Raised in Memphis – on the South side with his Mom but getting game from his dad on the North side, he was residing more recently in Los Angeles. Jesse was proof that you could take the kid out of the south, but that your home never really leaves you. But man, he loved where he was from. You could feel it in his energy as much as you could hear it in his voice. Anytime anyone from Memphis did anything we would hear about it. I can still hear him in my head saying ‘You know where he’s from, my boy?’ He played that ‘Memphis, memphis, memphis’ clip maybe 6,000 times. Sure he was doing what he needed to out West, but he celebrated where he was from every chance he got – and he made you want to go there too. I know I speak for all of his friends and followers when I say his stories from his trips back home made it sound better than Vegas. I’m heartbroken that he wasn’t here to see us congregate for him in his home town.
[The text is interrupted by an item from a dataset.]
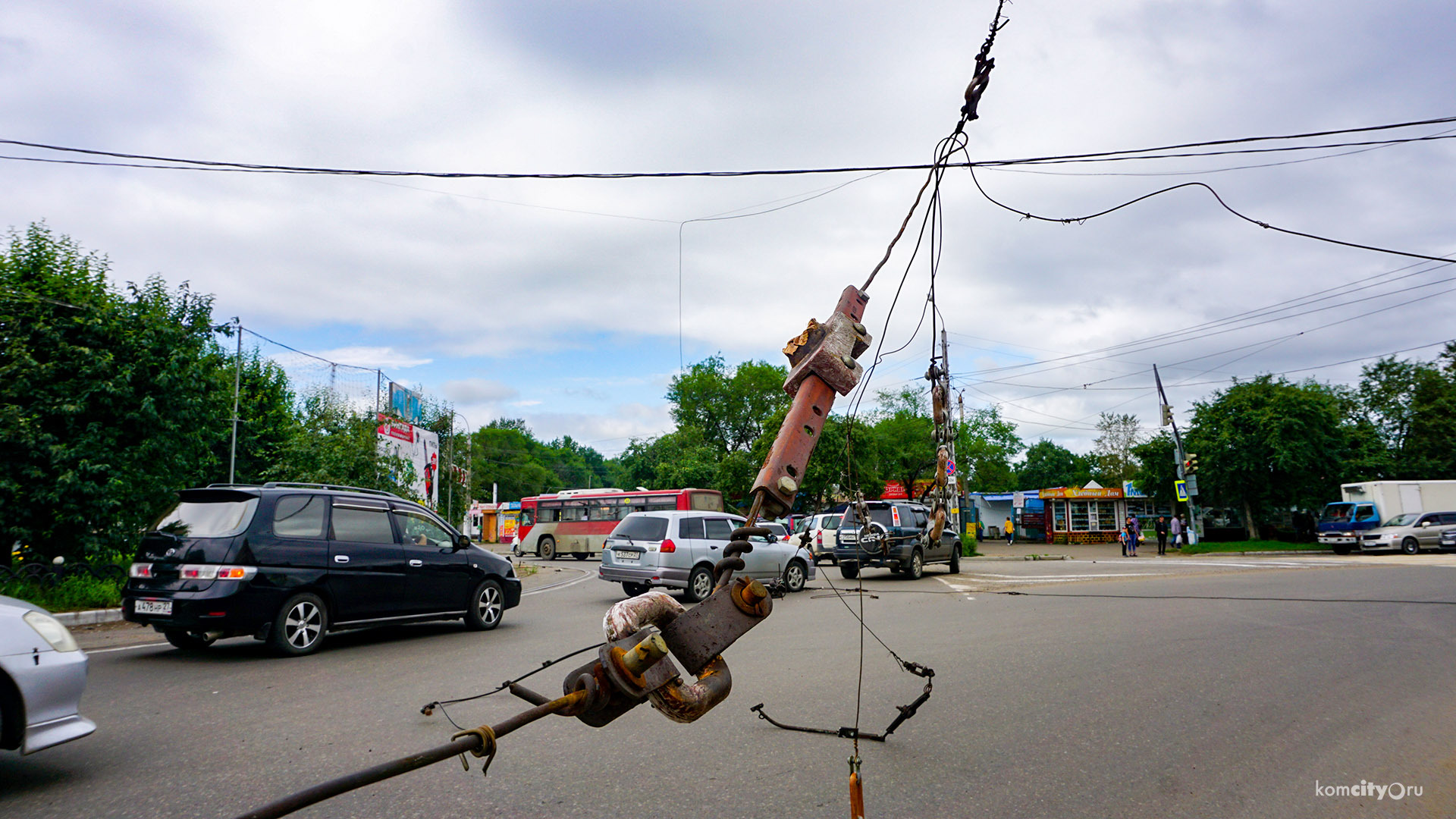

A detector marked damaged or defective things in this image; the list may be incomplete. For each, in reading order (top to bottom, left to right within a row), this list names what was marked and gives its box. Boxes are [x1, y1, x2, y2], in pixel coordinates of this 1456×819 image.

rusted metal pole [234, 692, 585, 819] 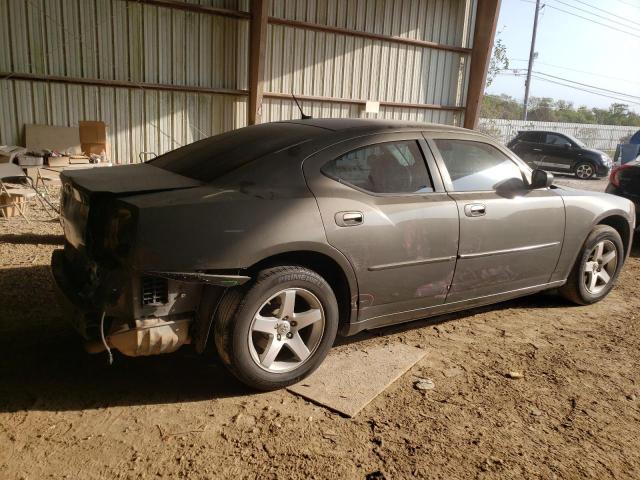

But in LA – LA’s not always the friendliest place, but somehow he made it his home. And in his presence it really felt like one for all of us transplants trying to make something of ourselves. He welcomed us in in a way I haven’t felt often in my life, let alone in the city. He cared. He supported. He uplifted whatever he loved, let alone his people. He’d raise hell for us…
And Maiya – their relationship was a model for us all. You don’t expect much to last in today’s world, but we were all sure they would. They were inseparable. They always matched. It was like you were watching a live action Rom Com – they we’re ALWAYS laughing.
And his parties – those were legendary. A who’s who of ballers from across the art, music and cannabis landscape would pull up to his house not just for a plate, but for the energy. To be around this magnet of cool.
Truth be told, I just wanted to hang at his house any chance I got. Everyone I ever met there was the highest caliber of person, and I have so many more true, lifelong friends than I would have had I not known him. He’s the reason I started talking to Fidel, and Metro. He was like a cheat code for my coverage. But more than that, even those times where we would just watch whatever popped up on YouTube in his living room were somehow more special than your typical interaction with friends. There was a warmth there that him and Maiya fostered that I have only ever experienced in that house. You were going home every time you stopped by. That laugh. The commentary. The conspiracy theories. The incredible weed. Endless amounts of incredible weed. No one left sober or hungry, it was like an unspoken rule. It was a special combination of magic that hooked anyone fortunate enough to experience it. I know I speak for many of his friends when I say that I feel blessed I got to exist in his presence, and my heart breaks not only for our loss, but for all those that won’t get to experience it. So many people have reached out the last week to say they wished they got to know him, people who I’d told about him, and random strangers who watched him online, and honestly so do I. He was hard not to love.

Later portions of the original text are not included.